§ **WHAT IS REQUIRED**
Return the complete listing exactly as it reads, with each picture removed.

§ **DATA SEGMENT**
- Opening Delimiter -

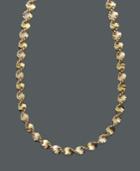 "giani Bernini 24k Gold Over Sterling Silver Necklace, 24"" Twist Link"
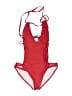 Unbranded Solid Red One Piece Swimsuit Size L - photo 1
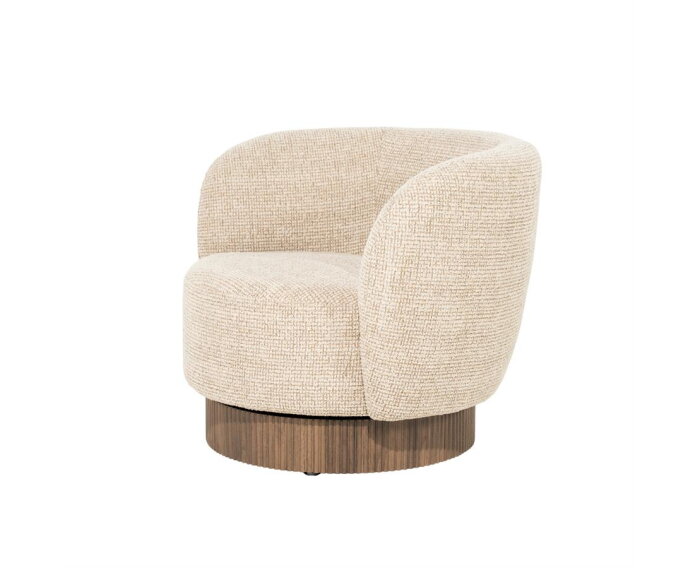 Fauteuil Norah - taupe | Eleonora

- Closing Delimiter -

§ **ANSWER TO THIS PROBLEM**
 "giani Bernini 24k Gold Over Sterling Silver Necklace, 24"" Twist Link"
 Unbranded Solid Red One Piece Swimsuit Size L - photo 1
 Fauteuil Norah - taupe | Eleonora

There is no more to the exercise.